Staff Reflections – Teaming

Staff reflections from September, 2011:

The big news, for staff and the institution, is the “change in guard” of the principal.  In the time period between this Central Council meeting and the last, we have said goodbye to Charlotte Caron who, in a trying time, offered steady and gracious leadership as Acting Principal, and we have said hello, with great excitement, to Maylanne Maybee, our new Principal.  Transition continues to be an on-going theme for the staff team; we are embracing the newness with a sense of possibility and enthusiasm.

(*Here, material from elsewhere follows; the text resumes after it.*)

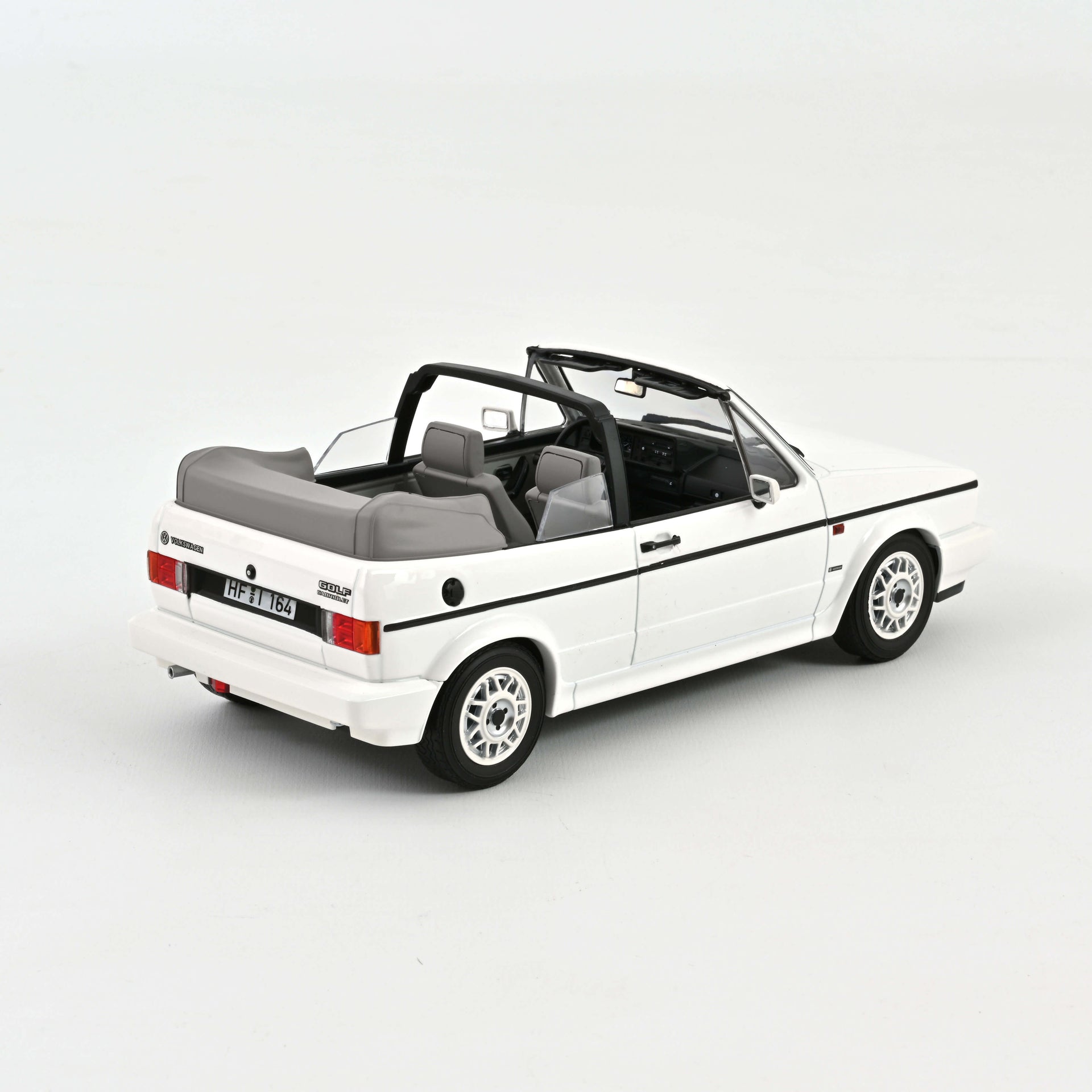 norev-vw-golf-cabriolet-1992-1-18-modellino-auto-bianca image 1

On August 30th the staff team gathered for a day of staff team development.  With a brand new principal, and a couple of newer staff members, this day provided an opportunity for getting to know one another and clarifying assumptions about working relationships.  The Human Resources Committee had arranged for an outside facilitator, Barb Gemmel, to guide us through the day.  Unfortunately, Barb had a nasty fall the week before the event and was unable to be with us.  The staff rallied round and divvyed up the tasks of designing and leading sections of the day.  In the end, the time together proved to be creative, fun, informative, revealing and helpful.  That we were able to share the responsibility in such a competent fashion demonstrated the maturity and gifts of the group.  This report will highlight the insights from that day and also from a regular Wednesday morning staff worship that also focussed on the theme of teaming. 

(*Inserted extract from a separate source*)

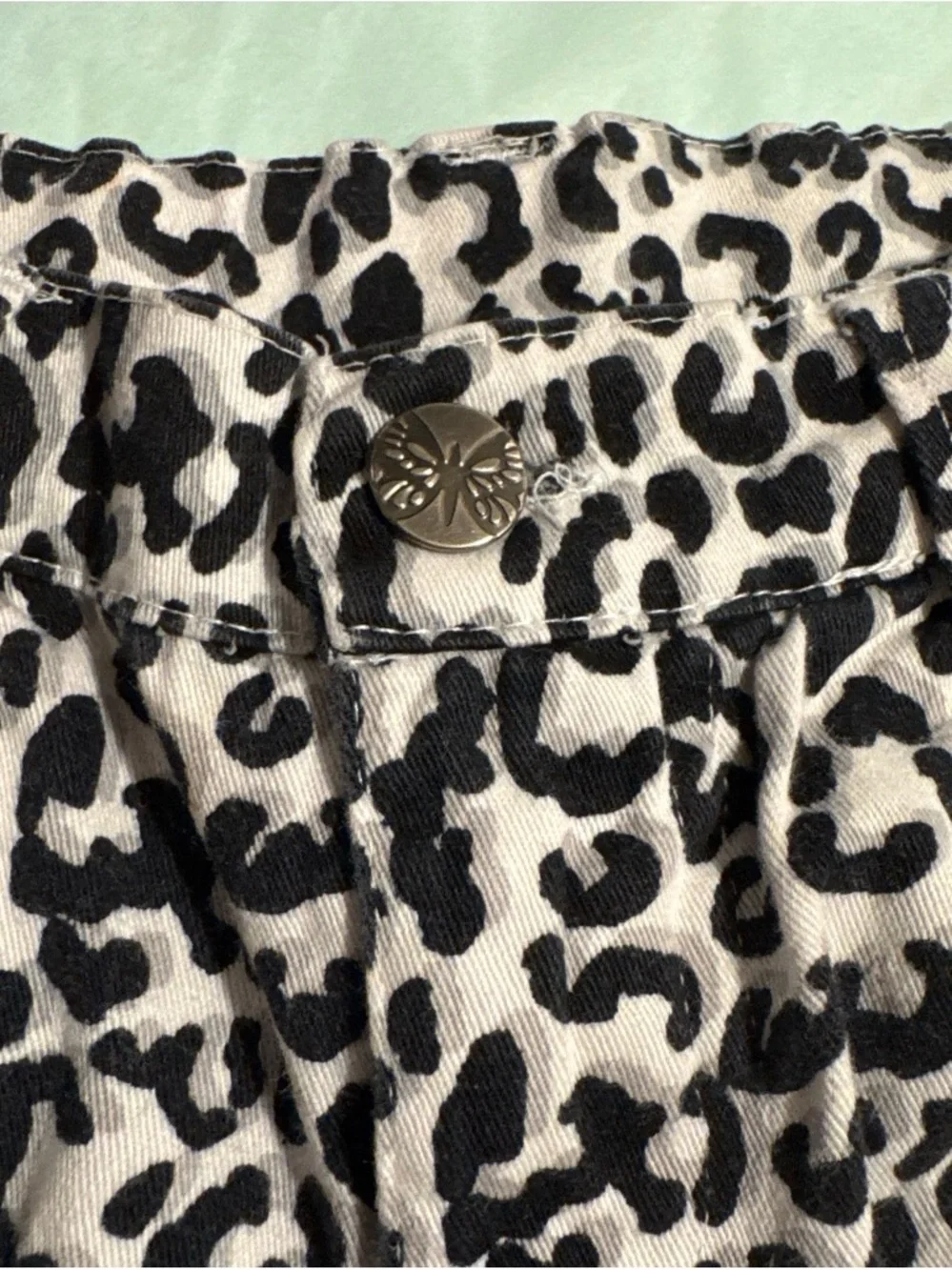 Kids High-Waist Leopard Print Shorts in Pink/Black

Opening worship set the prayerful, reflective tone for the staff development day as we considered the Body of Christ imagery from 1 Corinthians 12.  The morning continued with extensive check in and sharing of hopes and concerns, values and principles, self-awareness and working styles.  Some input on change theory and transition management was offered.  A section of the afternoon was devoted to collecting images and visions for teaming together.  In our process, certain words and ideas emerged: commitment, reflection, encouragement, support and trust.  We took a run at drafting vision statements for our staff team.  These statements have been gathered, and we agreed that at subsequent staff meetings we will re-visit and hone the many into one clear vision statement.  We also spent time articulating the resources and roadblocks to reaching our vision.  We felt that we have an enormous pool of talent, commitment and good will on the staff team and we are supported by a willing community of volunteers and great students but we are also faced with financial concerns and the danger of staff fatigue.  By the end of the day, we quickly named some concrete dreams for our staff team for the coming year.  These, too, will be pulled together and re-examined in the coming weeks.

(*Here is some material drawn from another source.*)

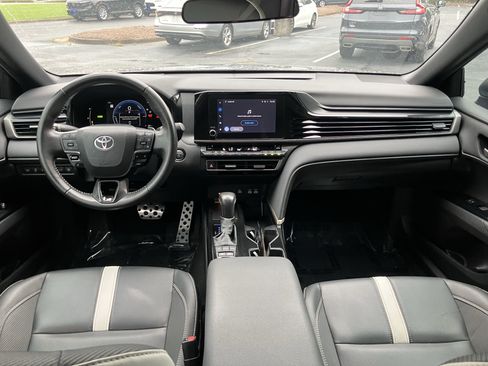 Used 2025 Toyota Camry SE FWD image 34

The central theme of our faith is love, and consequently, love is connected to staff team relationships in this faith-based organization.  Love your neighbour is clearly related to the person in the next office.  The golden rule, do unto others, needs to guide our actions and behaviour.  The directive might not just include doing unto others “as you would yourself”, but it might involve doing unto others “as they would have for themselves.”  In Hebrews 10:24, one translation encourages “let us consider how to provoke one another to love and good deeds.”  This evocative use of the image of provocation suggests unsentimental and active ways of being in relationship.  In all our interactions we must discern with compassion and understanding.  This will enable us to be a model for others and other workplace cultures marked by competition and control.  In whatever we do, we want to remember the radical faith principles of journeying together: encouraging those who are falling behind and “hearing into speech” those whose voices are not heard.

Because staff fatigue remains a concern, we desire to find ways to energize ourselves.  Some literature suggests this concern is best addressed by developing a climate of servant leadership where encouragement and support are central characteristics of the work environment.  Stepping up to the plate for one another and helping each other go a long way toward ensuring this goal.  Reading the biblical story of Moses’ father-in-law insisting Moses get assistance reminded us to share the burden.  Jesus’ words “Come unto me, all you who are heavy laden” also put the workload in appropriate perspective.  It remains a privilege that we work in a place where calling on the spiritual resources of prayer and reflection are not just tolerated but encouraged and expected.  Also, in addressing staff tiredness, it probably would do us good to have some fun and laugh together more frequently!